# 638 lb Marlin caught on a 30 Tiburon Reel



## puertovallartafish (Jan 7, 2010)

Captain Steve does it again Catching a 638 lb Marlin with a 30 WT Tiburon Reel! March 21 2010.

The guys heading out a little after 7 am for a short 6 hr day we went in between the rocks at Islas marrietas and El morro fishing for Jack Crevalle and Roosterfish, when captain Steve Spotted a big fin popping out of the water he trolled to the direction where he had saw the fin going and boom around 9:30 am We had a big hook up which ending up being almost a 6 hour fight with a 638 lb Black Marlin! The Marlin bit a live bait bullet tuna on a Tiburon 30 Reel and Calstar 58 graphite Rod at El Morro If that is not a test for gear I don't know what is? After the hook up first on the reel was client Gennelly Wall She put up a good fight for about an hour then passed the rod along to Tomas Pisker. "the Marlin was jumping and diving I was tired out" Tomas put up great fight for 2 hours then it was up to the crew 2 hours later the Marlin took its final leap and was tangled in the line so we had to pull him in total time 5 1/2 hours on a Tiburon 30 wt reel aboard the Ana Maria 35 ft Cabo Yacht. 










PV Sportfishing Strongly Promotes and Encourages catch and release on all Billfish so we can keep our fishing paradise for years to come here is a video example for tag and release so you can still bring in the fish take a great photo and release! 

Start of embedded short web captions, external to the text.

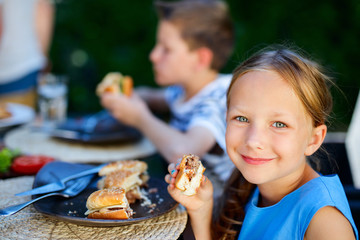 Wall Mural - Little girl eating burger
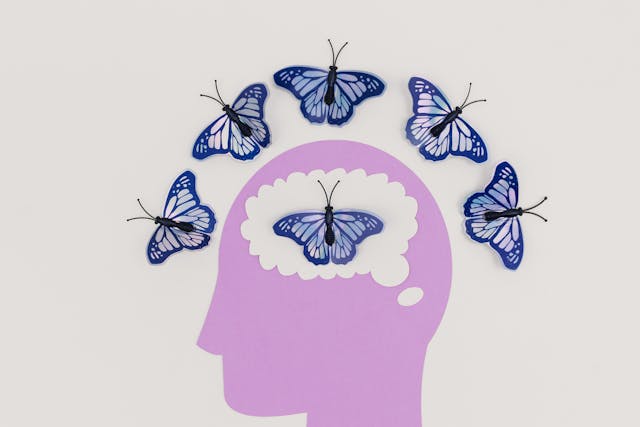 Change Reality With Your Mind: Thought Transformation Purple paper silhouette of a head with blue butterflies circling the brain, symbolizing changing reality with your mind.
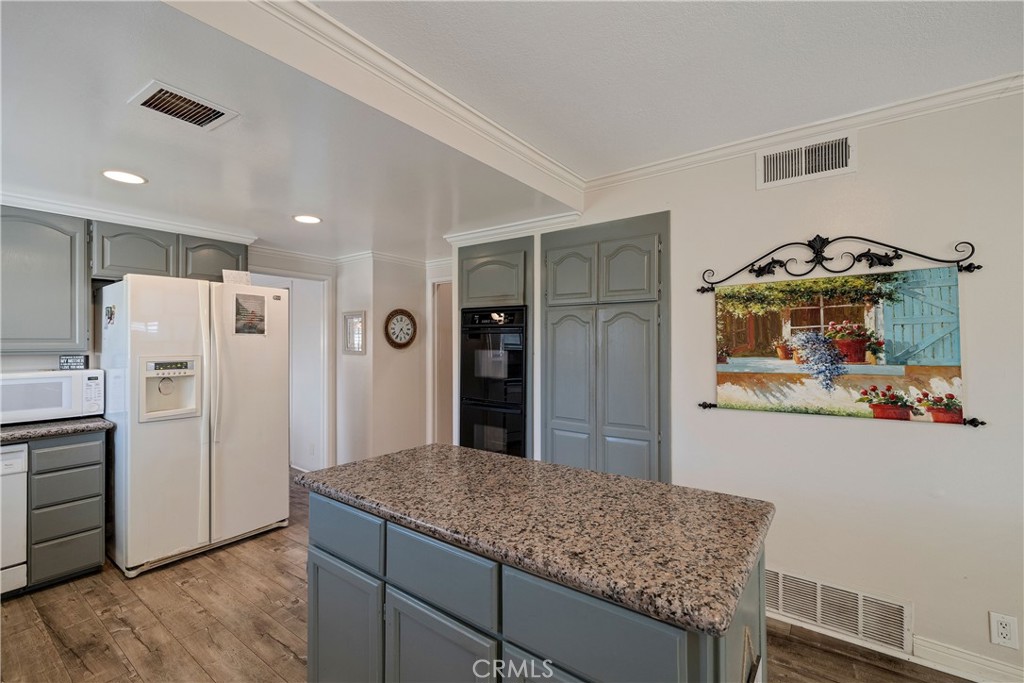 813 Statler Street San Pedro, CA 90731 - Photo 17 of 42 a kitchen with refrigerator and cabinets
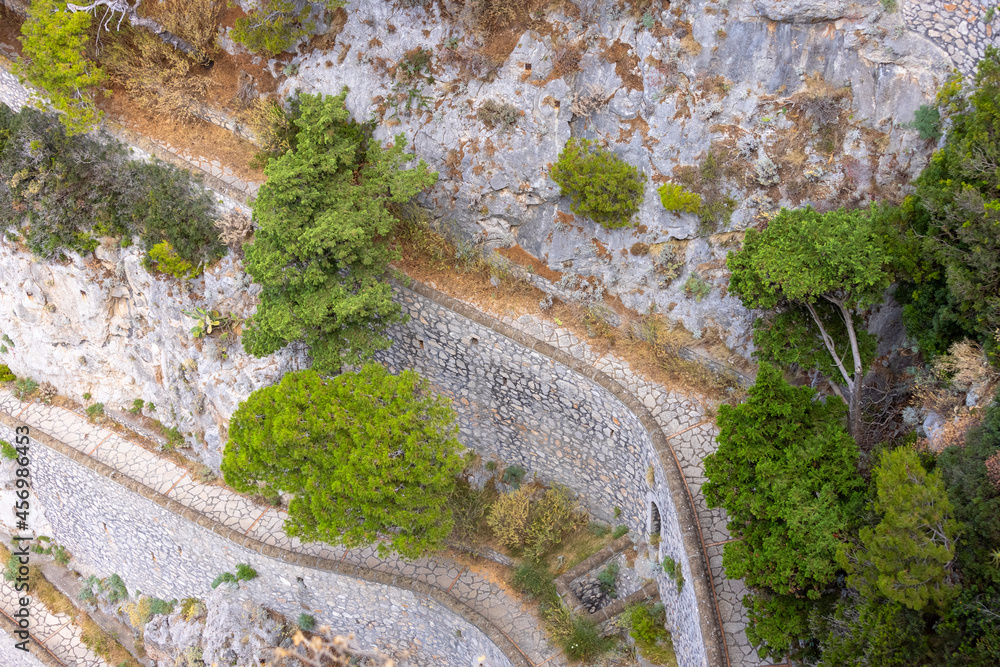 Rocky shoreline on the Tyrrhenian Sea nearby Marina Piccola, view of the footpath Via Krupp, Capri Island, Italy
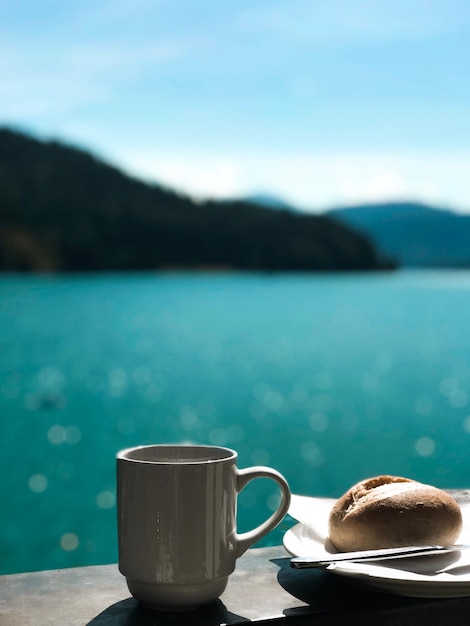Foto una tazza di caffè sul tavolo contro le montagne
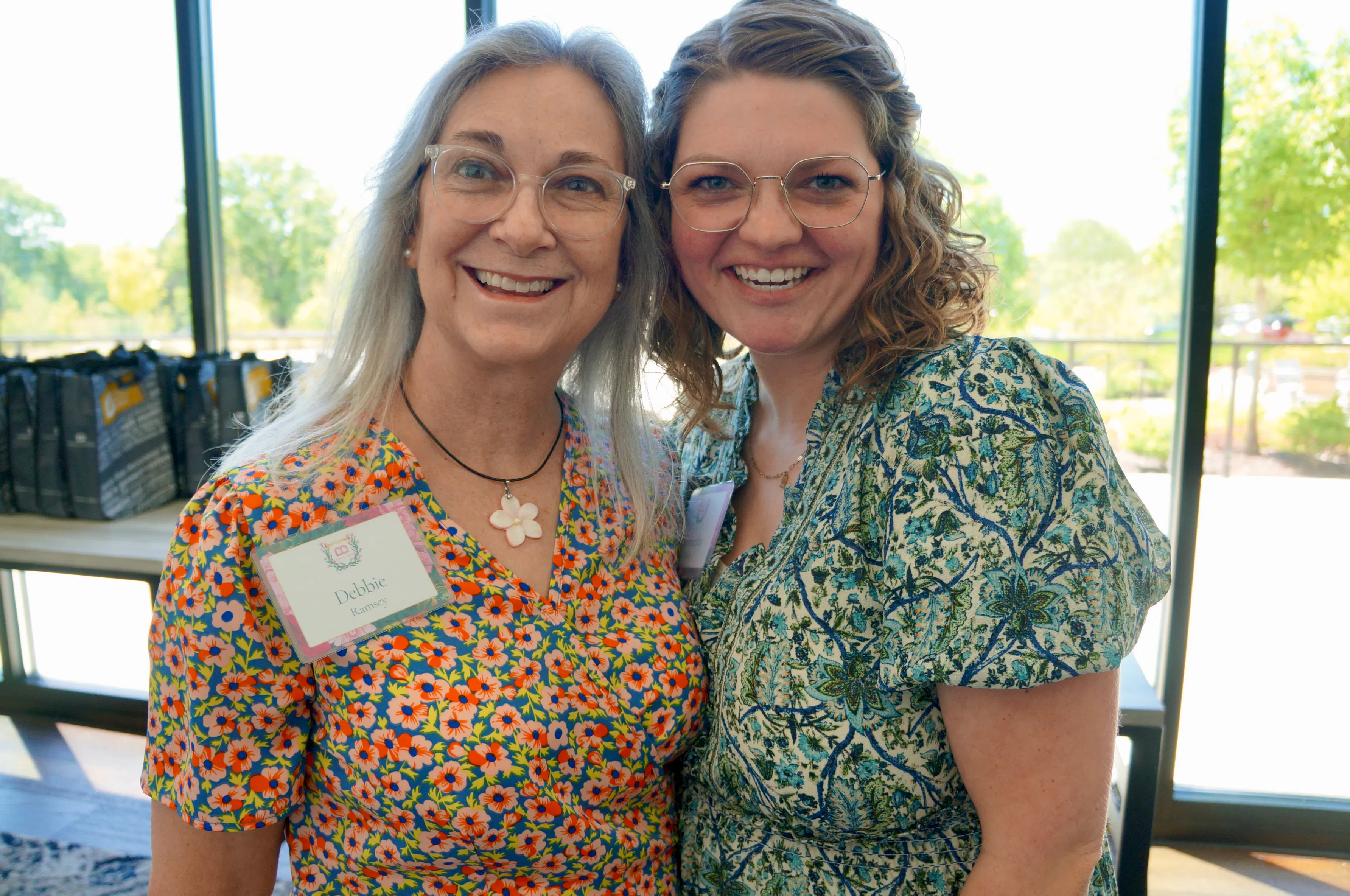 Deborah Ramsey and a museum of the bible guest taking a photo together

video link http://www.youtube.com/watch?v=AEgklPWkhnQ


----------



## AaronBarnes (Sep 7, 2009)

:bowdown


----------



## Jason (Oct 2, 2007)

Great story....Beautiful fishie!!!:letsdrink


----------



## Fiver (Nov 6, 2008)

keep the reports coming. See you guys in October.


----------



## blanetankersley (Jan 17, 2009)

Thought you guys promote catch and release of billfish. I mean whats up man do you or do you not? haha jk

Awesome catch. Sure that made a few believers in that reel:letsdrink


----------



## Fiver (Nov 6, 2008)

> *blanetankersley (3/22/2010)*Thought you guys promote catch and release of billfish. I mean whats up man do you or do you not? haha jk
> 
> Awesome catch. Sure that made a few believers in that reel:letsdrink


People would freak out here if boardwalk vendors sold marlin tacos or such, but it's part of the culture in puerto vallarta. In PV, marlin that can't be recessitateddoesn't go to waste.


----------